Dataset entries ::

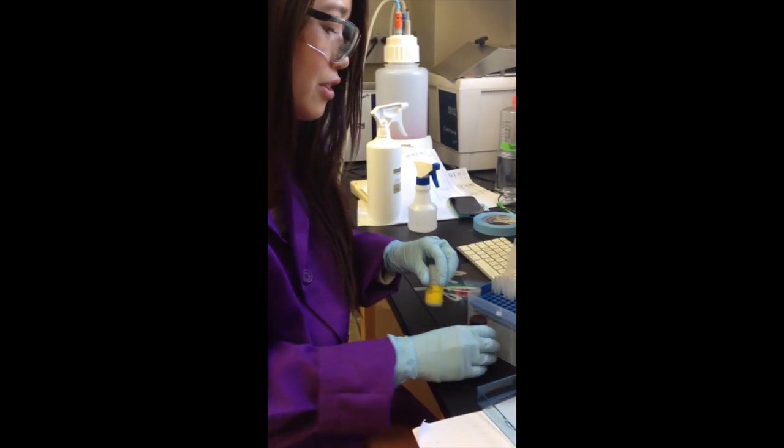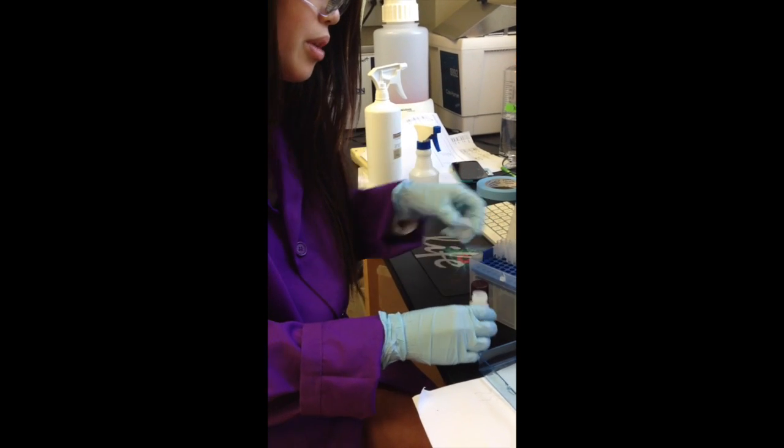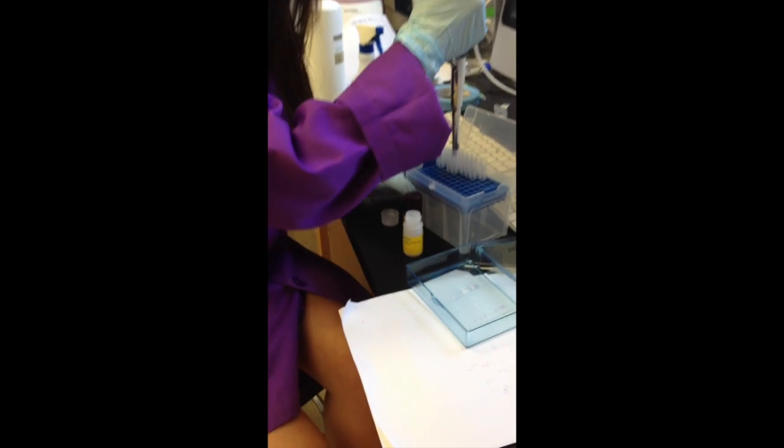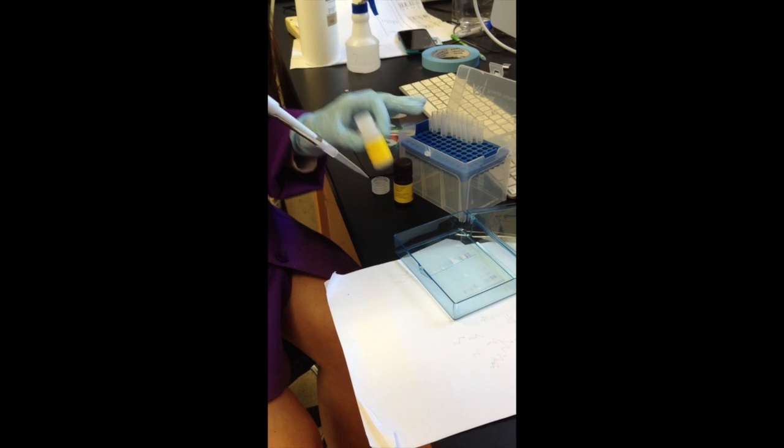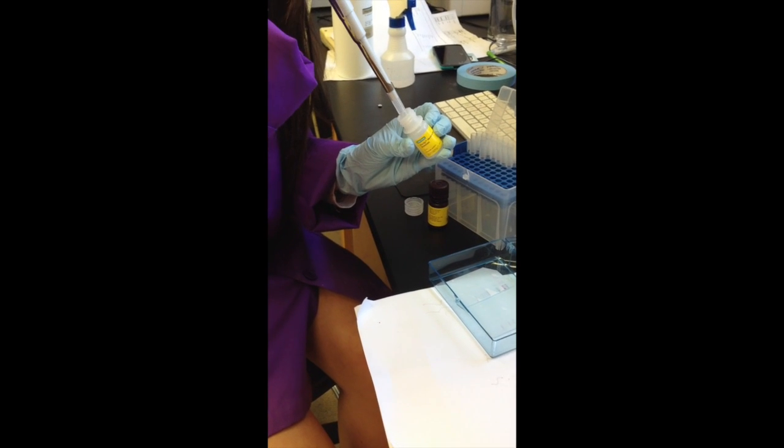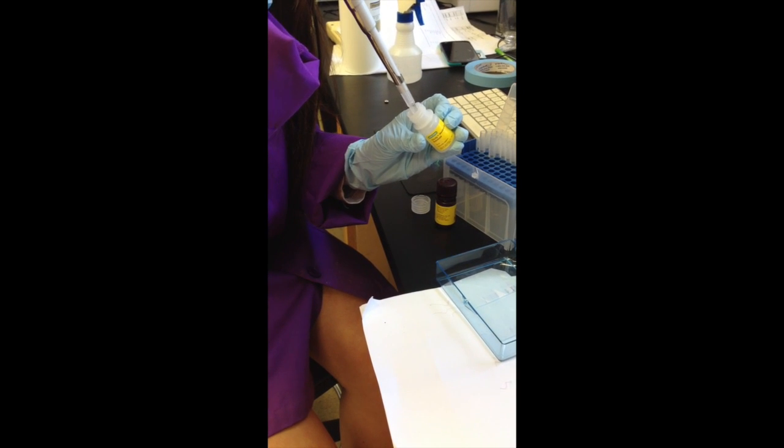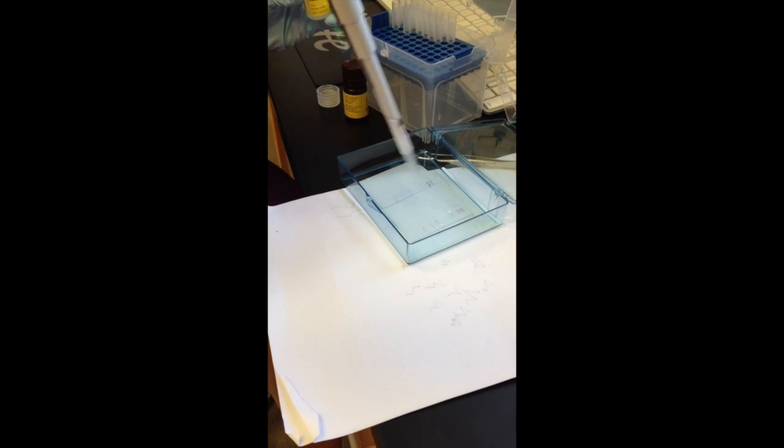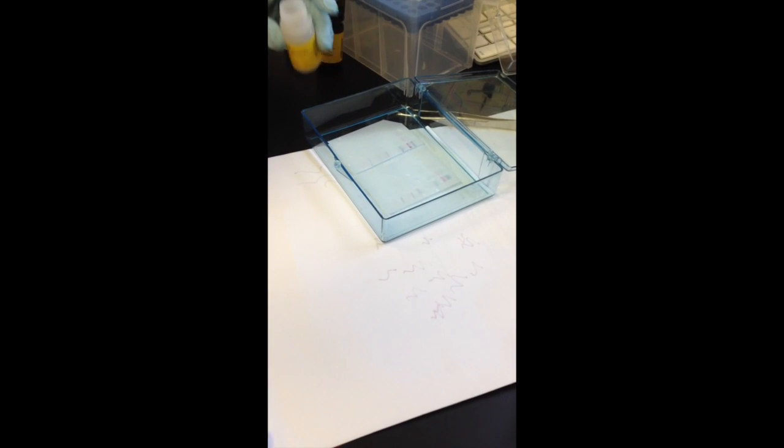We're going to use one milliliter of each and pipette that in. Pipette it directly onto the Western blot.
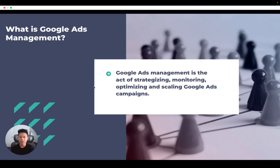These ads span across Google's vast ecosystem, from Google search results to YouTube. Google Ads Management involves a wide range of skills, from organizing campaign structure and looking at conversion tracking analytics to writing effective ad copy.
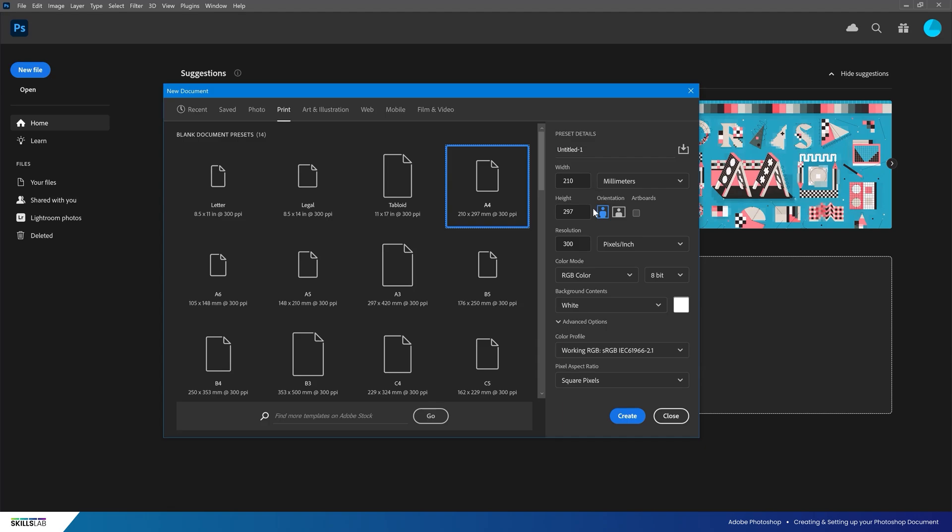To get an understanding of pixel size, we're going to swap from millimeters to pixels using this dropdown. 2480 by 3508 is the pixel size for A4 paper and is a good resolution to work with for both print and digital purposes.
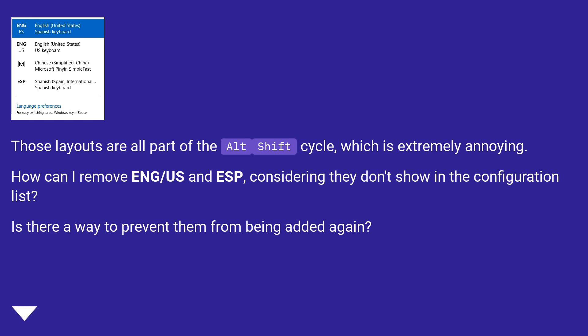Those layouts are all part of the Alt+Shift cycle, which is extremely annoying. How can I remove ENG/US and ESP, considering they don't show in the configuration list? Is there a way to prevent them from being added again?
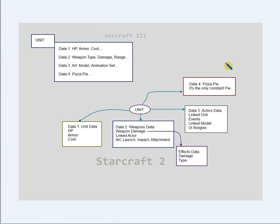For example, the footman's weapon in Warcraft 3 — we can't change how it does damage, but can only change how much damage that weapon does. In StarCraft 2, we can define what composes a unit; for example, define its weapon and how that weapon does damage.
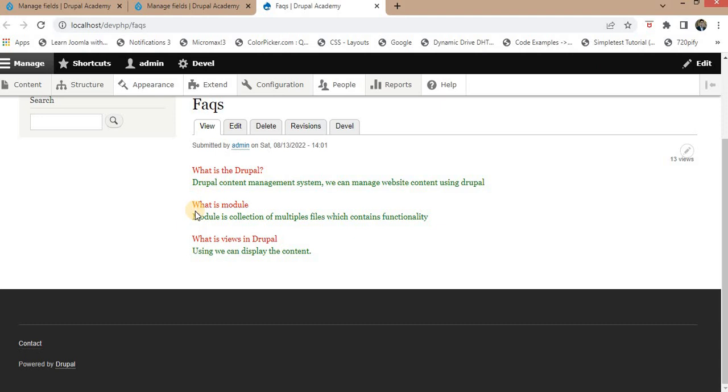And that's it. We have successfully overridden the Twig template for paragraphs in a Drupal theme. Now when you visit your Drupal site, your customized template will be used to render the paragraphs of the specified bundle. Thank you for watching today's tutorial. I hope you found it helpful. Please like the video and subscribe to the channel. Happy Drupal learning, thank you.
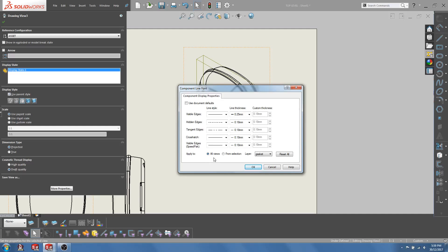Now if you want the gasket to appear red on all views, leave the All Views option checked. If you want the gasket to appear on the isometric view only, select the From Selection option.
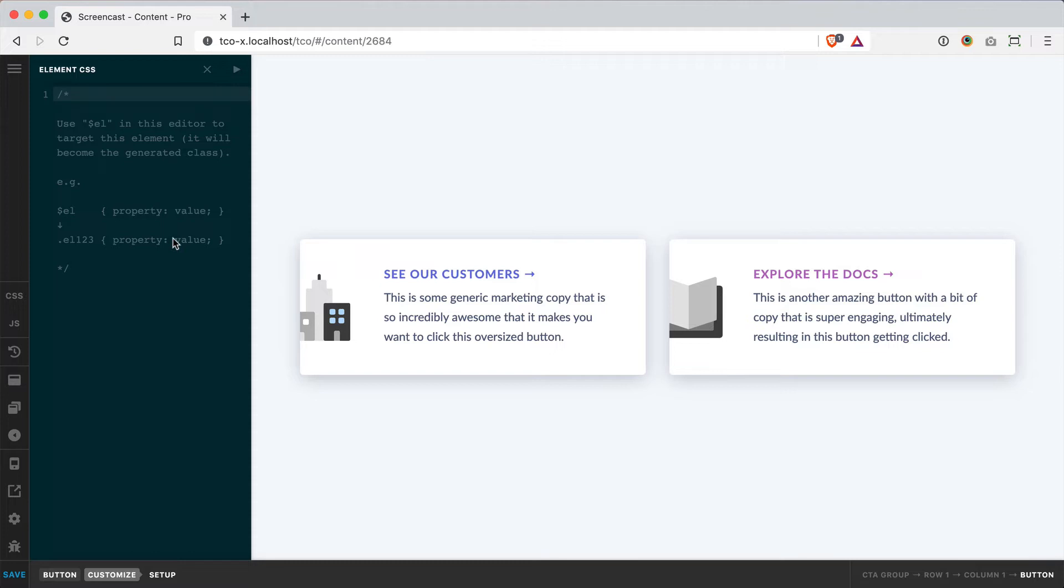So in this editor, you can actually use this $L keyword, which will leverage that exact same class and effectively bundle up your custom CSS along with our generated CSS and output it all to the same block on the front end.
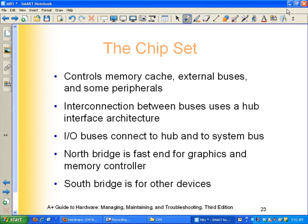The chipset controls all the information that goes around the motherboard. It controls the flow of information—all the information that goes around the motherboard is controlled by the chipset.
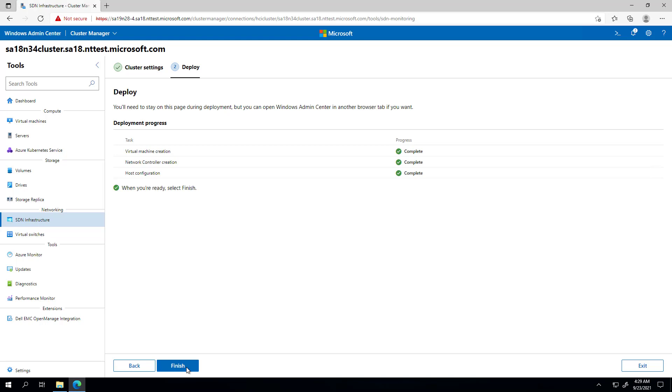If for any reason the deployment failed at any stage, just go to your nodes and delete the VMs with their VHDXs and go through the wizard again. But here, I'll hit finish.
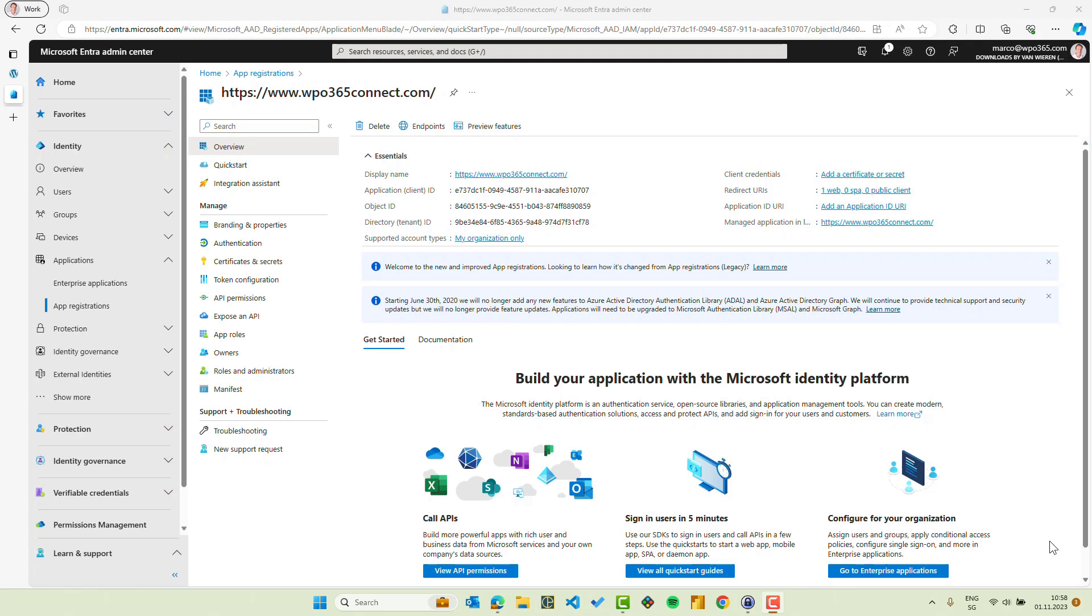OpenID Connect-based single sign-on will allow WPO365 to request an ID token for a user that successfully authenticated with Microsoft. We need to perform a couple of steps to configure this ID token and to configure the claims, basically the fields or user attributes, that this ID token will contain.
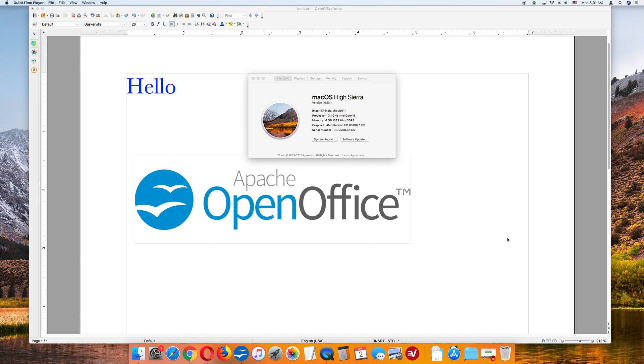Hello. In this quick video, I will show you how to save your OpenOffice document as a PDF file.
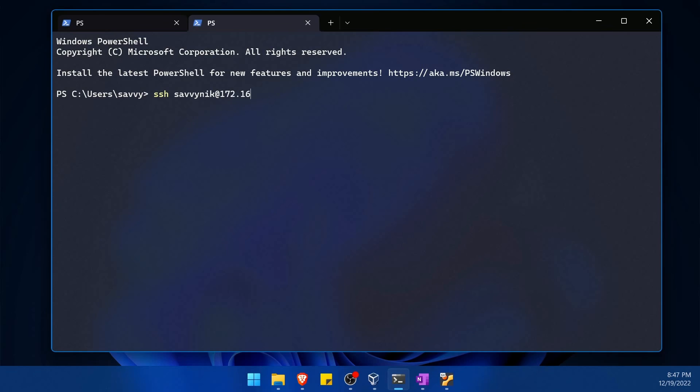That was on 172.168.1.7 for me. Yours of course can be a public IP address, a domain name. Let's say it was a Google server and it existed on google.com, well it would be savvynick at google.com for an example. This is enough to get me started so I'm going to press enter.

Task details :: Repeat all entries exactly. Skip the pictures.

Exercise result ::
We're going to use one milliliter of each and pipette that in. Pipette it directly onto the Western blot.
These ads span across Google's vast ecosystem, from Google search results to YouTube. Google Ads Management involves a wide range of skills, from organizing campaign structure and looking at conversion tracking analytics to writing effective ad copy.
To get an understanding of pixel size, we're going to swap from millimeters to pixels using this dropdown. 2480 by 3508 is the pixel size for A4 paper and is a good resolution to work with for both print and digital purposes.
Those layouts are all part of the Alt+Shift cycle, which is extremely annoying. How can I remove ENG/US and ESP, considering they don't show in the configuration list? Is there a way to prevent them from being added again?
For example, the footman's weapon in Warcraft 3 — we can't change how it does damage, but can only change how much damage that weapon does. In StarCraft 2, we can define what composes a unit; for example, define its weapon and how that weapon does damage.
And that's it. We have successfully overridden the Twig template for paragraphs in a Drupal theme. Now when you visit your Drupal site, your customized template will be used to render the paragraphs of the specified bundle. Thank you for watching today's tutorial. I hope you found it helpful. Please like the video and subscribe to the channel. Happy Drupal learning, thank you.
Now if you want the gasket to appear red on all views, leave the All Views option checked. If you want the gasket to appear on the isometric view only, select the From Selection option.
So in this editor, you can actually use this $L keyword, which will leverage that exact same class and effectively bundle up your custom CSS along with our generated CSS and output it all to the same block on the front end.
The chipset controls all the information that goes around the motherboard. It controls the flow of information—all the information that goes around the motherboard is controlled by the chipset.
If for any reason the deployment failed at any stage, just go to your nodes and delete the VMs with their VHDXs and go through the wizard again. But here, I'll hit finish.
OpenID Connect-based single sign-on will allow WPO365 to request an ID token for a user that successfully authenticated with Microsoft. We need to perform a couple of steps to configure this ID token and to configure the claims, basically the fields or user attributes, that this ID token will contain.
Hello. In this quick video, I will show you how to save your OpenOffice document as a PDF file.
That was on 172.168.1.7 for me. Yours of course can be a public IP address, a domain name. Let's say it was a Google server and it existed on google.com, well it would be savvynick at google.com for an example. This is enough to get me started so I'm going to press enter.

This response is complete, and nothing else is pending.